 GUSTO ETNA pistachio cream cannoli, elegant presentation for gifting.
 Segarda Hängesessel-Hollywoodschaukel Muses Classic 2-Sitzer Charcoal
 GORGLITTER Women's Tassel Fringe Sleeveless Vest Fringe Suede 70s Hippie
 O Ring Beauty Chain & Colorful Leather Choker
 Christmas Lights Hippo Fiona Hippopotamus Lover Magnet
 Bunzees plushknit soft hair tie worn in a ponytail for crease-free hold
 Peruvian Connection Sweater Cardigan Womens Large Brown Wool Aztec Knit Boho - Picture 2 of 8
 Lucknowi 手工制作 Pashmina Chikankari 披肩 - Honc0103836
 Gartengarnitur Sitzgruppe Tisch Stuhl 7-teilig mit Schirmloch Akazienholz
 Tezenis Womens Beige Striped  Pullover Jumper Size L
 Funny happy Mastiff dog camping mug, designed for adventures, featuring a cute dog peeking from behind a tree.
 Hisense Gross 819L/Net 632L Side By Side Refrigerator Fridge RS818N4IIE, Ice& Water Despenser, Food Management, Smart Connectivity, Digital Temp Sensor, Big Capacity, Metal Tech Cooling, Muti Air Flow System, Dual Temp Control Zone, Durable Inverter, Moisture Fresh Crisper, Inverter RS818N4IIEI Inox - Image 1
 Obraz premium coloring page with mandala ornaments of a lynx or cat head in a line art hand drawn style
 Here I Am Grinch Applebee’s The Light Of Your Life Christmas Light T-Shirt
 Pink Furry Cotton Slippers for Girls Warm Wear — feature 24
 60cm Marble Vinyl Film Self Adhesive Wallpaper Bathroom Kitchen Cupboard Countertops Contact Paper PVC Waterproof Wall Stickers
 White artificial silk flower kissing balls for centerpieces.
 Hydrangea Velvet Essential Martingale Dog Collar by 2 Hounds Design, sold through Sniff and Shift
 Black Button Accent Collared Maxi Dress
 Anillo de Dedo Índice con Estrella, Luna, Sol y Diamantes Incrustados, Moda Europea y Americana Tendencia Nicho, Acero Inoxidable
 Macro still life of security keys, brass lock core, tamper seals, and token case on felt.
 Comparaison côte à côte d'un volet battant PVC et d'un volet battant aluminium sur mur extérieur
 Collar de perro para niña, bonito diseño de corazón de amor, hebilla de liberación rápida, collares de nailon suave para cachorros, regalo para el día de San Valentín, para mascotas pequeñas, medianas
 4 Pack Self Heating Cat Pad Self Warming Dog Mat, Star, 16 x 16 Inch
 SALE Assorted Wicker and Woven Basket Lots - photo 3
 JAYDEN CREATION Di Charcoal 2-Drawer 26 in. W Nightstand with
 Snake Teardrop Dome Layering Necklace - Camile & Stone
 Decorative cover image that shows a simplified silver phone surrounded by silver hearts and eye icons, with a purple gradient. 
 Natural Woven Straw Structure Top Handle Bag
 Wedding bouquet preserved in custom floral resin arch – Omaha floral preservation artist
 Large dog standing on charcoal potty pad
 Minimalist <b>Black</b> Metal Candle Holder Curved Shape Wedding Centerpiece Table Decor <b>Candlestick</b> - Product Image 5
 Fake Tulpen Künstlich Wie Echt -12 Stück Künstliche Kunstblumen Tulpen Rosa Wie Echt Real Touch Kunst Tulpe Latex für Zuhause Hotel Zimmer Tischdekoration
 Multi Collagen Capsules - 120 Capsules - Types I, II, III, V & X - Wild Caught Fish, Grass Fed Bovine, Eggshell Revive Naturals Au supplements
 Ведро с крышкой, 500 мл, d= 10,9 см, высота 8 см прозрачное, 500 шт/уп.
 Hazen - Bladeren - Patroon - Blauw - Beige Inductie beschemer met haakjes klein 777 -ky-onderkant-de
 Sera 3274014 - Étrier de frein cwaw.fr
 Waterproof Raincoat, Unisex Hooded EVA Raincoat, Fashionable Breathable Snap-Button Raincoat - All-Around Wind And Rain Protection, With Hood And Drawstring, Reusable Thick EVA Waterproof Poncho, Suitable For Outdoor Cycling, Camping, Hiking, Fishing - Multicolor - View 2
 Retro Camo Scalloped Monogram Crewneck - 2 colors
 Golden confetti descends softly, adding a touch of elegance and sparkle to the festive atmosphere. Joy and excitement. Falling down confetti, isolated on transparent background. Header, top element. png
::::::
• **EXERCISE DESCRIPTION**
Nothing but the lines from the top of the records down to the line with "Funny happy Mastiff" belongs in the answer; repeat them exactly.

• **SOLUTION TO THIS PROBLEM**
 GUSTO ETNA pistachio cream cannoli, elegant presentation for gifting.
 Segarda Hängesessel-Hollywoodschaukel Muses Classic 2-Sitzer Charcoal
 GORGLITTER Women's Tassel Fringe Sleeveless Vest Fringe Suede 70s Hippie
 O Ring Beauty Chain & Colorful Leather Choker
 Christmas Lights Hippo Fiona Hippopotamus Lover Magnet
 Bunzees plushknit soft hair tie worn in a ponytail for crease-free hold
 Peruvian Connection Sweater Cardigan Womens Large Brown Wool Aztec Knit Boho - Picture 2 of 8
 Lucknowi 手工制作 Pashmina Chikankari 披肩 - Honc0103836
 Gartengarnitur Sitzgruppe Tisch Stuhl 7-teilig mit Schirmloch Akazienholz
 Tezenis Womens Beige Striped  Pullover Jumper Size L
 Funny happy Mastiff dog camping mug, designed for adventures, featuring a cute dog peeking from behind a tree.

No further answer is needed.